“Even if this wasn’t the Truth, I need the structure.”

by Londo111 35 Replies latest jw experiences

  • Londo111
    Londo111

    I remember many years back a fellow ministerial servant saying this to me. He felt that even if Jehovah’s Witnesses were not the only true religion, the regimented routine of meetings and field service and the strict rules and enforcement provided a beneficial structure for his life.

    At the time I thought if this wasn’t “the truth”, I’d have no need for all unnecessary rules and structure.

    And now that I am mentally and physically out (almost four years faded), I’ve found I still don’t need it. I don’t get drunk. I don’t smoke. I don’t use drugs of any sort. I’ve no need or addiction for porn. I’ve a girlfriend that I am faithful to and plan to marry someday. I’ve gotten my eating under control. In October 2014, I was about 310 pounds. Today I am 190 pounds.

    I’ve been employed in the same place for six years and a home and reasonable health. And yes, these things might change overnight as there are NO guarantees no matter how structured a person is, or what their religion or philosophy is.

    Rather than my life spinning out of control, I am happier, more at peace. Within my own life structure, I am more self-controlled. I’m more relaxed and open-minded.

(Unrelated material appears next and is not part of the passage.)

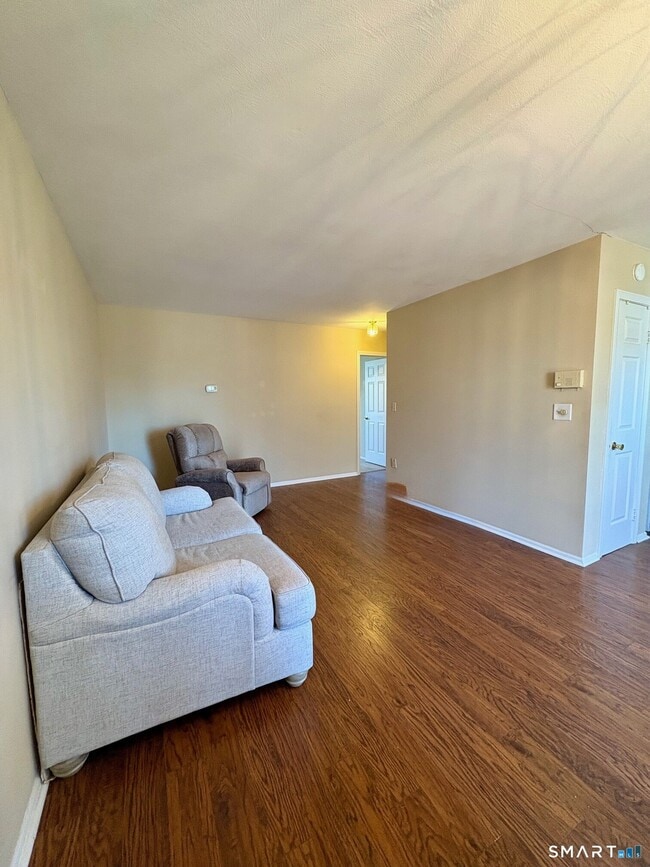 Building Photo - 146 Carriage Path S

I’m not perfect, of course, but I'm more moral and trustworthy than at any point in my life.

    Some of this might be due to maturity, but I find the more I leave Jehovah’s Witnesses behind, the better my life. At the very least, I do not need the Watchtower structure to keep my life from falling apart.

    Anyone hanging onto something they know or suspect is not the truth, merely for the “structure”, I recommend rethinking this fear.

  • DJS
    DJS

    Ditto Londo,

    People who need someone telling them what to do, what to think and how to behave are pathetic weaklings better suited for the ash heap of our species ' DNA history.

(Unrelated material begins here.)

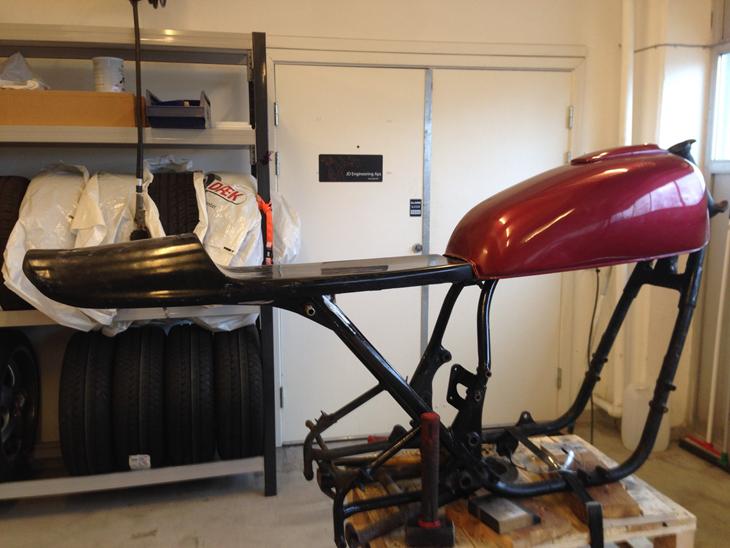 Suzuki GS 550 Cafe Racer 2 billede 1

    Karl Marx was thinking about them when he made his opiate and religion remarks.

    Now I have to go projectile vomit.

  • Bonsai
    Bonsai
    This is why it is important for parents to provide structure and stability for their children. Doing so makes it less likely that children will become victims to cultish, fundamentalist religious groups.
  • aboveusonlysky
    aboveusonlysky

    1 cor 15 'But if Christ has not been raised up, our preaching is certainly in vain, and your faith is also in vain.......we are to be pitied more than anyone.'

    One thing the bible got right, no matter what structure the org seemingly provides, all the ministry/meetings/study are ultimately a big waste of time.

  • zeb
    zeb
    If he needed all that structure he also needed a back bone.
  • stillin
    stillin

    I felt that being in this structured religion had kept me out of prison. I lived an honest, moral life while I was "in."

    Now I know that virtue really is its' own reward. It just feels good to treat people right.

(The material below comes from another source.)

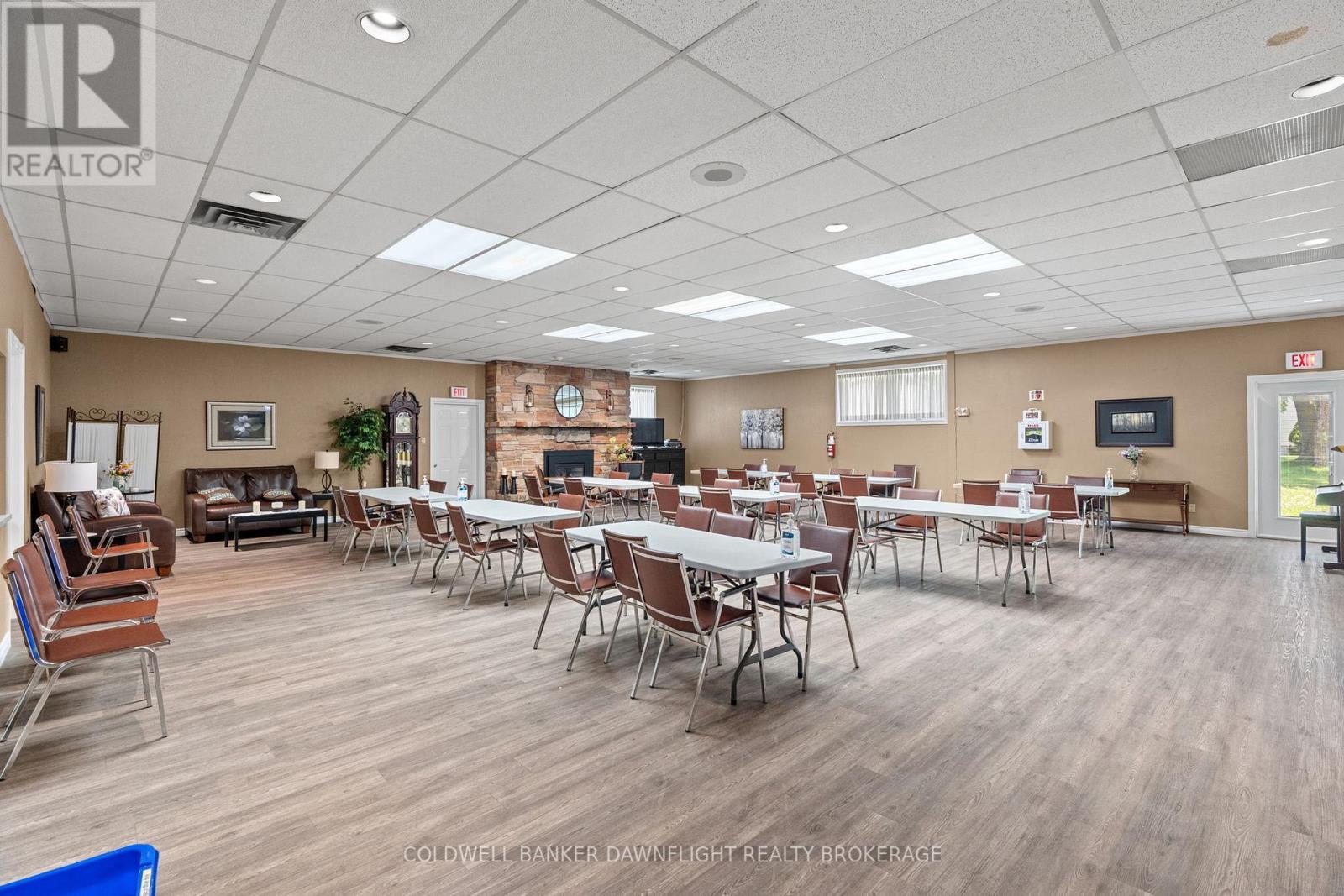 18 Devon Drive, South Huron (Exeter), ON - Indoor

    Whether I would have figured that out without the religion...I don't know.

  • rebel8
    rebel8

    I have been in management for many years. It is true some people need to be told what to do. I am not saying that disparagingly--it is something they would say about themselves.

    For your structure-seeking MS, perhaps he should join the military instead of recruiting innocents into a destructive cult just so he can keep his membership card. That is inexcusable.

  • LisaRose
    LisaRose

    Imagine that, people can have a great life without an oppressive religion telling them what to think do and say. Good for you!

    I think when people say things like that what is really going on is that they are really just afraid of change and are afraid to examine things too much because they would actually have to make uncomfortable decisions. If you can discipline yourself to attend all the meetings, go in field service, give up holidaays, etc., you could do anything else you put your mind to.

  • FayeDunaway
    FayeDunaway

    Great thread, Londo!

    I remember standing in the kitchen with my husband when I told him (we had talked about it before) that I definitely wanted to leave the religion. He was in despair. He thought our little world would fall apart, he thought our kids wouldn't grow up right, and who KNEW what was going to happen. He was only partially a believer at that point in the doctrine but he was scared.

    Well the only thing that changed regarding 'our little world' is that now my husband pursues hobbies instead of getting a suit on and struggling for hours with kids at meetings. He's in a bad mood about one tenth as often as he used to be. And the kids are awesome, pursuing their own interests and education with no interest in drinking or drugs etc. They are really passionate about social causes tho.

  • Tenacious
    Tenacious

    A. He lacks the will to do the right thing needs prodding

    B. He needs someone to be poking him making sure he does right

    C. He lacks balls to live life by God's standards independent of anyone

    I'm leaning towards C.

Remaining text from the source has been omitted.